That’s how my first ever counsellor used to refer to my parents’ house. After I’d realized that, contrary to Enid Blyton’s (not-so-) nurturing voice in my ear as I was growing up, it can be that your parents don’t always do what is best for you -it’s more about what they think is best for you, or what’s best for them, and that’s not the same thing.
She used to describe them as being aboard this ship, with their host of problems, not least an ailing marriage, and that I could, contrary to their wishes, cut myself adrift, if I so desired. Theirs weren’t my problems to solve, however much my mother claimed different.
Now, nearly ten years later, my brother, mother, and I have left. And my brother seems to be doing OK, and my mother is decidedly happy, and doing OK. And my father is happy enough in his own way – the house – still not sold – stands as the only miserable remains of HMS Hopeless.
My life-rafts since then, have struggled to stay afloat. I did build one, just after I stopped working with that counsellor, and fought hard to sever the ropes binding it to the ship – taking jobs ever further North from its astutely polished, but nevertheless, rotten, decks. But the raft kept leaking, whenever the slightest thing disturbed it.

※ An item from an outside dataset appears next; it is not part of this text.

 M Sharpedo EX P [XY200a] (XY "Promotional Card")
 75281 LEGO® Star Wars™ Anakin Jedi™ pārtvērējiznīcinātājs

And now it’s so bashed about – and the rest of my family’s so well-put-together, that I am wondering, as they go their separate ways, why I am bothering to try to hold things together. Every time I think I’ve rebuilt it, stronger, another wave assaults it, and blasts it to pieces. The life-jacket’s turned to iron. Iron that drags me down daily, as I fight and scream against it. Only a few leaky barrels remain.
And I’m so tired. Tired, yet I can barely sleep. Flat. Exhausted after a week – five days – back at work. Fighting the memories that wall bars, and ropes, and wooden benches in school halls recreate. Trying to shut the door on recollections of not having (had) a best friend.
Miss, what’s your best friend’s name?
I might have left HMS Hopeless. But the boat I’m aboard isn’t much better, and it’s a struggle sailing it. While the others get on with their lives away from the ship, I seem to be stuck by an anchor to the same stretch of ocean that it’s in – ten years later, I’m still capsizing, in its sea of shadows. Ten years is a long time. How much longer?